Does the new independent thread scheduling give better performance?

I am looking for a simple example where the new independent thread scheduling would show its performance advantages in comparison with the previous per warp, lock-step mode execution.

Looking at a simple if/else example, just as presented here: Inside Volta: The World’s Most Advanced Data Center GPU | NVIDIA Technical Blog (see fig. 11 and fig. 12), I don’t see any speedup for the new approach.

Moreover, the same page says:
(1) “Volta includes a schedule optimizer which determines how to group active threads from the same warp together into SIMT units”
AND
(2) “Note that execution is still SIMT: at any given clock cycle CUDA cores execute the same instruction for all active threads in a warp just as before”

So, even if each thread has its own call stack and program counter, the scheduler does not create a heterogeneous mix of threds: threads running in parallel will always belong to the same warp and will always execute the same instruction. So, apart from changing execution order for A, B, X, Y, what else changes? When is it faster?

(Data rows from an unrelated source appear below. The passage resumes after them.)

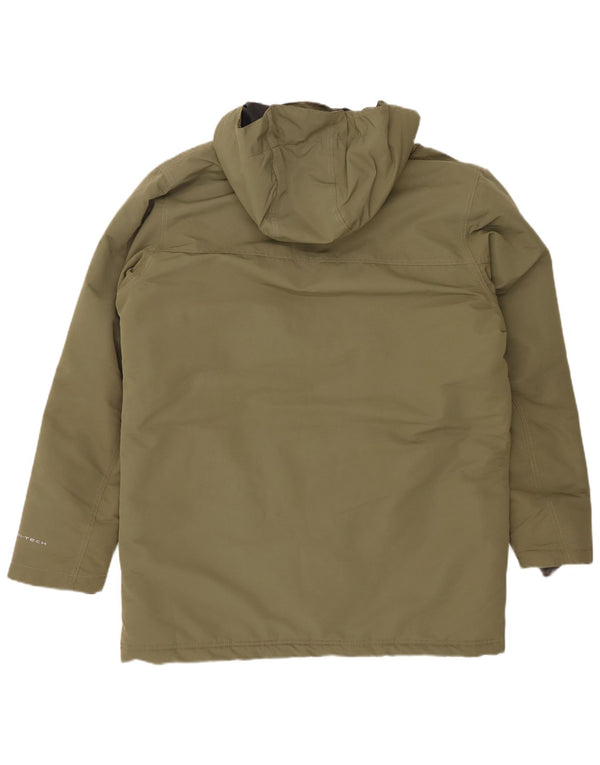 Columbia Manteau coupe-vent à capuche pour homme UK 40 Large Kaki Polyester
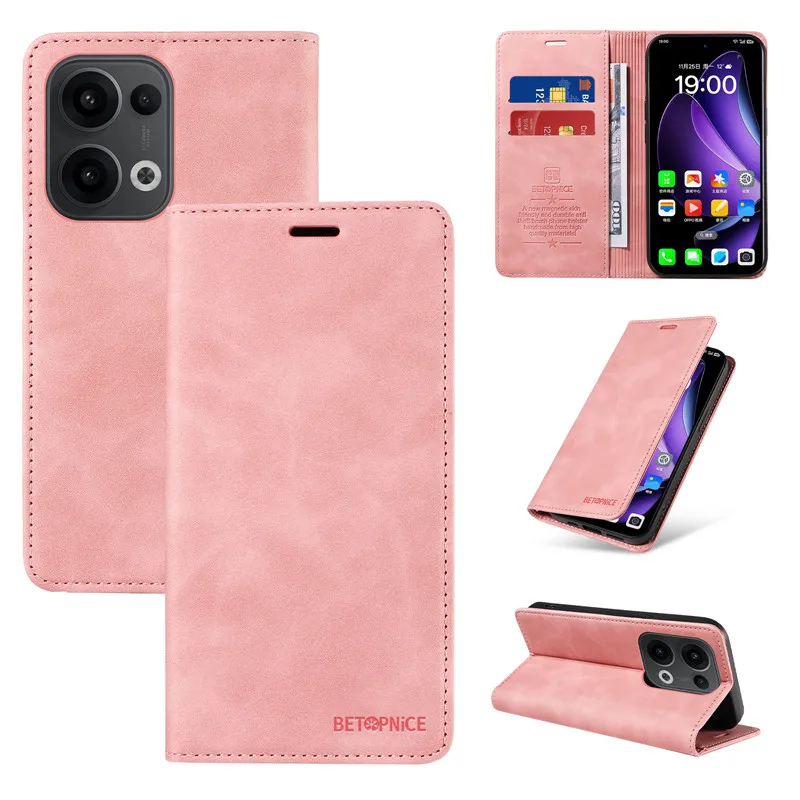 حافظة هاتف مضادة للسرقة لهاتف OPPO Reno14 F Reno13 FS Reno 13 A 14 Pro 5G Reno13F 4G محفظة كابا حامل بطاقة الوجه أغطية جلد كوكيه #3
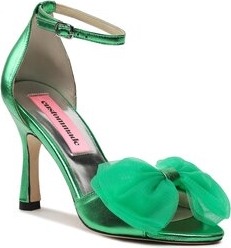 Zielone sandały Custommade z klamrami na szpilce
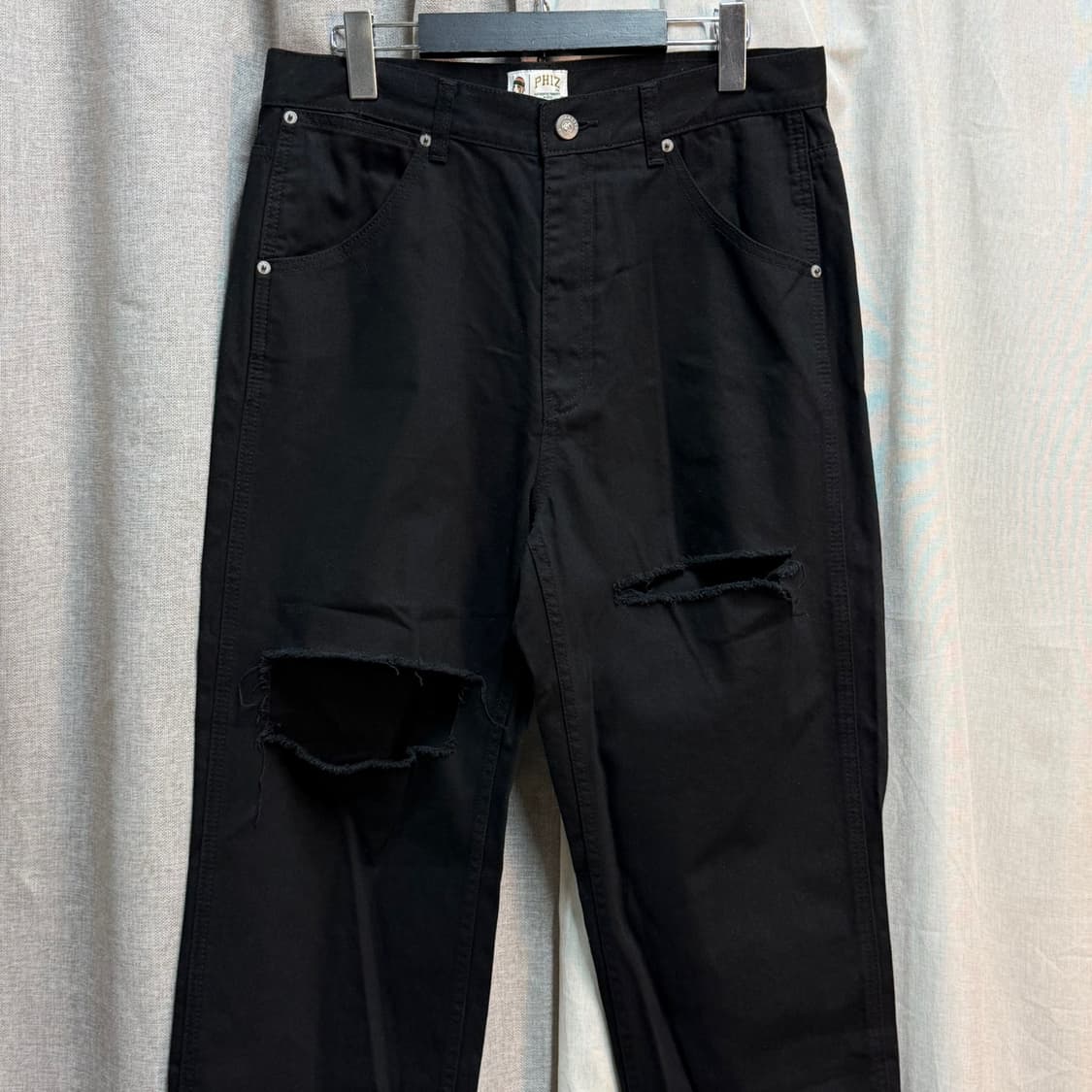 [32] HAZZYS PHIZ 헤지스 피즈 블랙 데미지 팬츠 흑청 상품이미지2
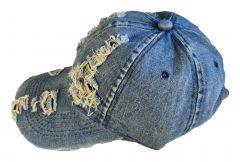 Echte Jeans Baseball Cap Schirmmütze mit Risse hellblau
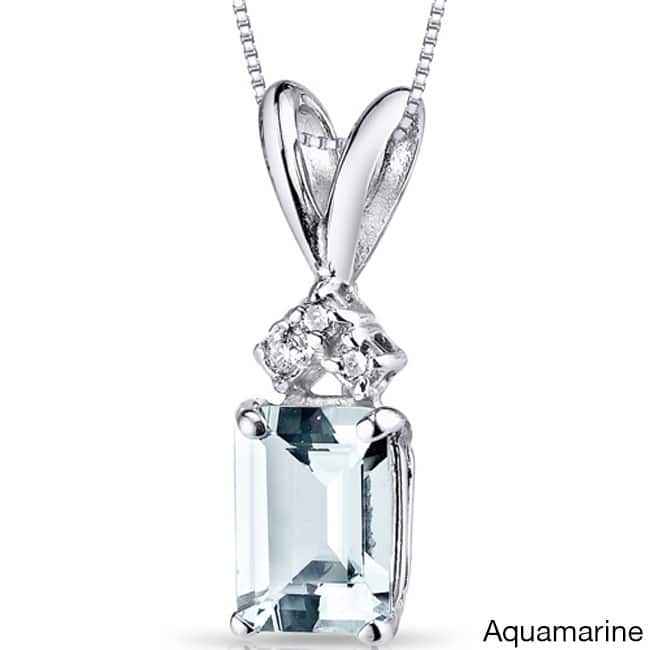 Oravo 14k White Gold Emerald-cut Gemstone Diamond Accent Pendant - Aquamarine
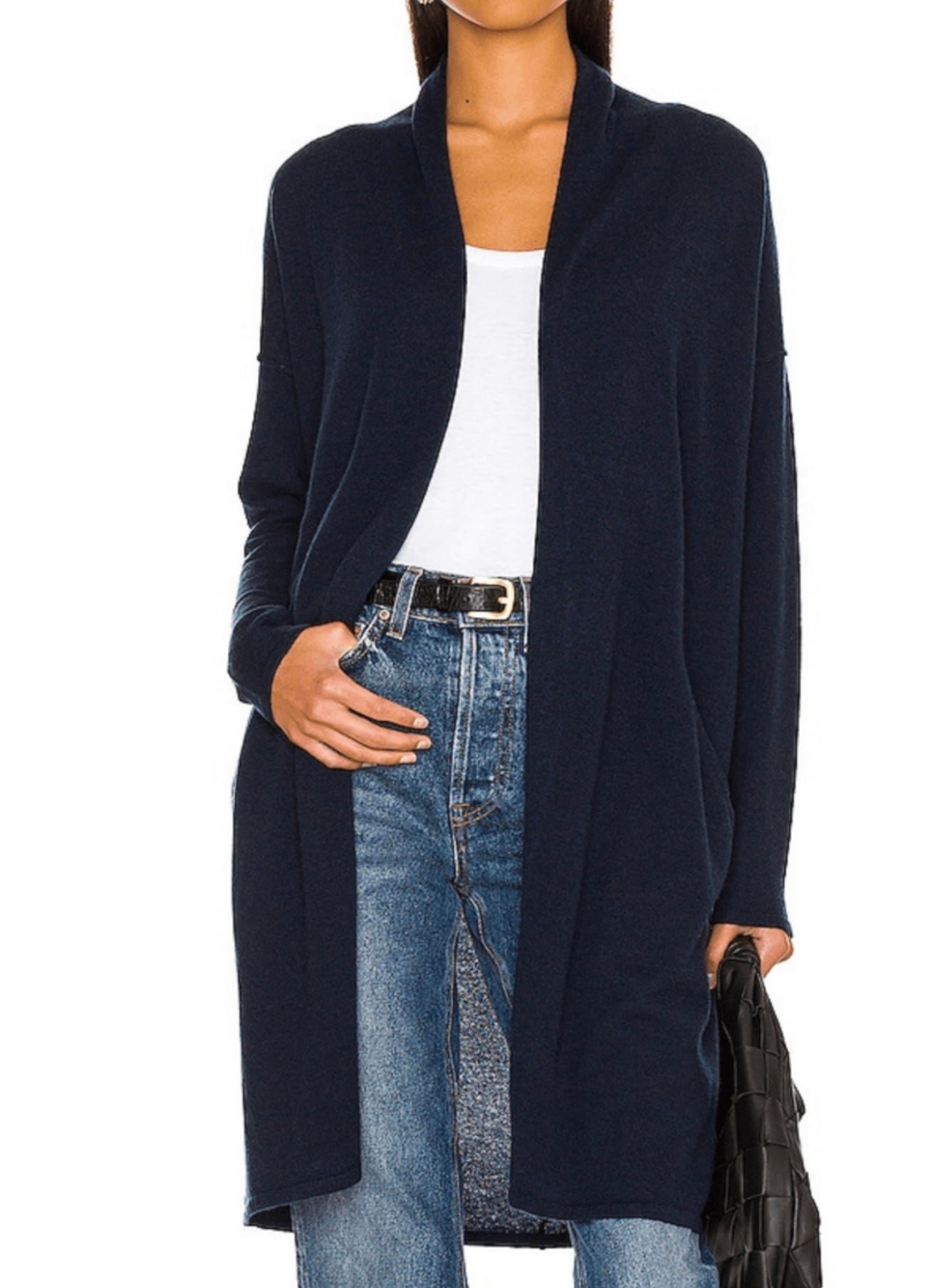 Autumn Cashmere - Open Duster with Pockets - Navy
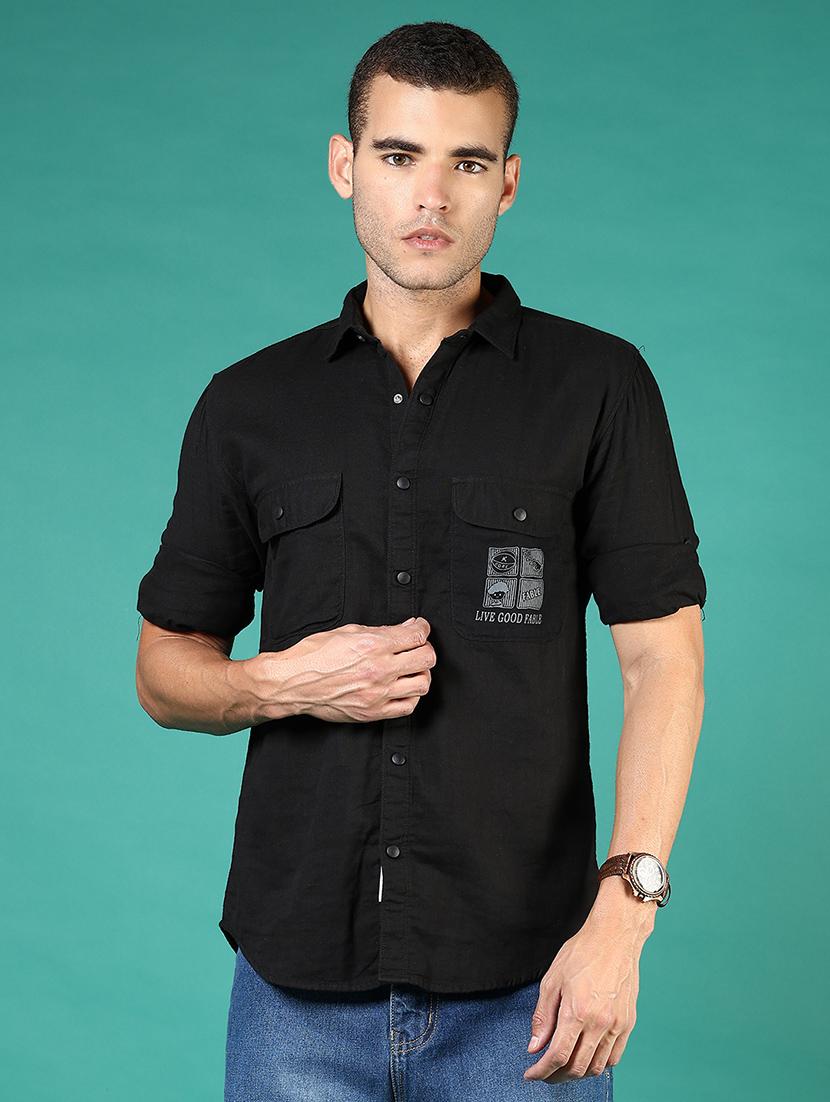 men black typography long sleeve regular fit casual shirt - 21854251 - Standard Image - 1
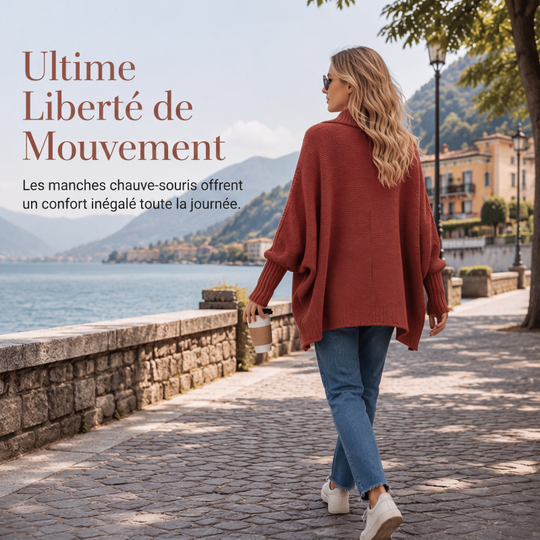 Cardigan en maille épaisse à manches chauve-souris pour femme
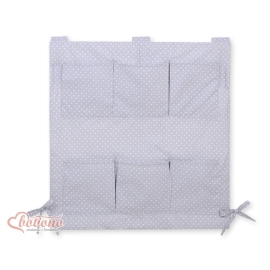 Cot tidy- Gray with white polka dots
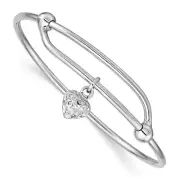 .925 Sterling Silver Rhodium Plated Children's Diamond Cut Heart Baby Bangle 5"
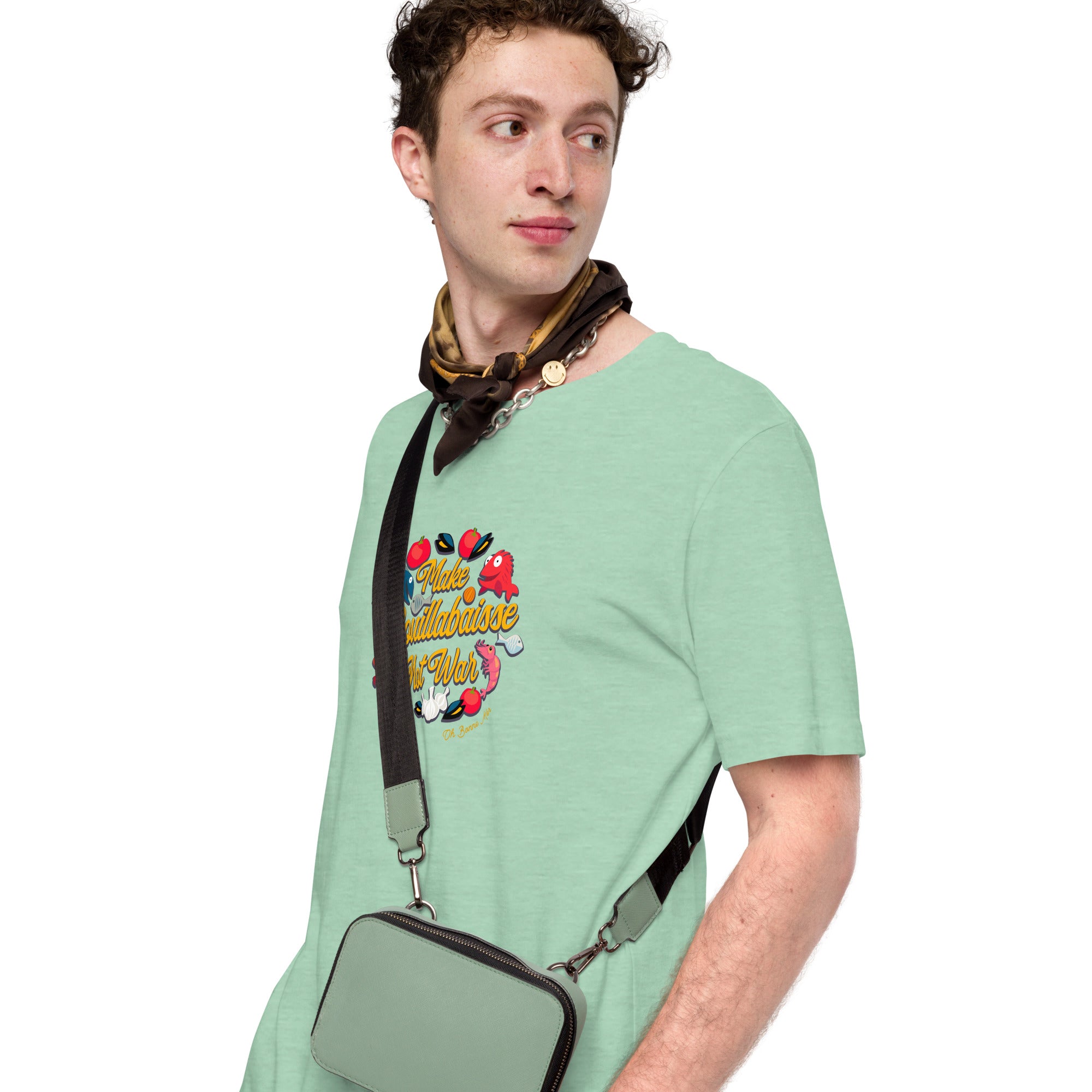 T-shirt en coton unisexe Make Bouillabaisse Not War sur couleurs chinées claires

Any help would be very much appreciated.
Thanks!

I wouldn’t say the Independent Thread Scheduling is faster. It enables finer-grain synchronization and cooperation between parallel threads in a program. Per the blog post, statements from the if and else branches in the program can now be interleaved in time, allowing for more complex algorithms.

You can find more information in the Volta whitepaper https://images.nvidia.com/content/volta-architecture/pdf/volta-architecture-whitepaper.pdf.

I don’t recall it being marketed as faster…

Thanks so much for the quick reply.

In the link you sent me, it says: “Volta’s independent thread scheduling allows the GPU to yield execution of any thread, either to make better use of execution resources or to allow one thread to wait for data to be produced by another. To maximize parallel efficiency

I still can’t find an example or understand where this independent thread scheduling would help in “making better use of execution resources” or “maximize parallel efficiency.”

unless… the “SIMT units” mentioned in “Volta includes a schedule optimizer which determines how to group active threads from the same warp together into SIMT units” are actually the processing blocks of a SM for a C.C. 7.x GPU. Since a processing block has 16 cores, the 32 threads of a warp can be split in two groups of 16 threads, each possibly executing a different instruction. Otherwise, if the SIMT unit would be of size 32, as for previous GPU architectures, then I don’t see any difference between having this independent thread scheduling or not. Here’s an example:

if (threadIdx.x %2)
   A; // say A takes x clock cycles
else
   B; // say B takes x clock cycles

CC < 7.0

  • SIMT unit ← 32 threads
  • Execution:
    A ← x clock cycles, 32 threads, even threads are masked
    B ← x clock cycles, 32 threads, odd threads are masked

TOTAL: 2*x cycles

CC 7.x, no independent thread scheduling

  • SIMT unit ← 16 threads
  • Execution:
    A ← x clock cycles, first 16 threads, even threads are masked
    A ← x clock cycles, second 16 threads, even threads are masked
    B ← x clock cycles, first 16 threads, odd threads are masked
    B ← x clock cycles, second 16 threads, odd threads are masked

TOTAL: 4*x cycles

CC 7.x, with independent thread scheduling

  • SIMT unit ← 16 threads
  • Execution:
    A ← x clock cycles, 16 odd threads
    B ← x clock cycles, 16 even threads

TOTAL: 2*x cycles

Is this correct or I’m missing something?

Sorry if these are silly questions, just trying to understand the reasons behind independent thread scheduling and how it actually works.

Thanks!

One of the biggest advantages to independent thread scheduling it that is better enables interleaved execution of statements from divergent branches (Figure 22 of whitepaper). Volta’s ability to independently schedule threads within a warp makes it possible to implement complex, fine-grained algorithms and data structures in a more natural way. Starvation-free algorithms are a great example. While they could be programmed prior to Volta, they were very cumbersome.

Another important advantage is that implementations that would cause a deadlock on previous hardware can now run as expected, in most cases.

It’s more about having the ability to code algorithms more naturally. Before, you might have to add extra code to get something to work… Causing sub-optimal performance.

Checkout https://www.icl.utk.edu/files/publications/2018/icl-utk-1080-2018.pdf and https://ieeexplore.ieee.org/stamp/stamp.jsp?arnumber=8344474.

I’ll have to get back to you on your example.

Based on your description, it seems to me that code can run faster when threads are scheduled independently IF the code has lots of conditional logic that results in frequent divergence. The conditional logic would be the key to that.